Bedon’s Alley Party, May 22, 2009
Well, we’ve apparently gotten over our silly boeuf with France now, if the Bedon’s Alley Party last night is any indicator. Credit Spoleto Festival USA’s decision to produce Charpentier’s opera Louise and a willing crowd South of Broad, where that narrow sliver of a passageway was transformed into a bustling Parisian street scene, for doing more for international relations than any statecraft could devise. There were glorious crapes with just about every imaginable filling from oysters to tapenade, a pomme frites bar, roving mimes and an accordion player—and oh yes, the plus grande caldron of soup I’ve ever seen (and it was pretty big on taste too). On the wall of a building was projected French (I’m supposing, although there was no sound) films that nobody seemed to pay much attention to, except Nathalie Dupree did glance up once and ask about an animated feature that happened to be showing at the time, “What is that—it’s not Ratatouille, is it?” (leave it to a foodie to think of a movie title that’s a play on a French recipe).
Denise Barto, who’s designed the party for as long as anyone can remember, pulled out another showstopper. Funny thing is, she had a lot to work with already when transforming Bedon’s into a slice of Paris. The venue just plain worked for the theme. Over by the crêpe station, colorful table umbrellas made one cobblestone driveway look and feel just like a sidewalk café.

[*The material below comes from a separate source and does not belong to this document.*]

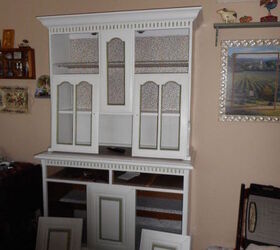shabby chic face lift old hutch, painted furniture, repurposing upcycling, shabby chic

The crowd was fairly thin when I arrived with my friend Edward Hart. Edward, who’s a composer and assistant professor on the musical faculty at CofC, explained that this production of the French opera stretches a good three hours, so most of the apré opera crowd had yet to arrive. That left us some time to catch up with some friends from the George Street offices. Special Events Coordinator Scott Sowell, who was hanging out with Jeffery Rhodes, appeared surprisingly calm, but then I guess most of the hard work is already done (right, Scott?). General director Nigel Redden was as unflappable as ever, and seemed to be weathering the beating the arts world has taken from the recession with characteristic magnanimity. He was holding court with another Charleston icon (and Bedon’s Alley resident) Rainey Evans, who was looking very Parisian in a feather boa and black beret.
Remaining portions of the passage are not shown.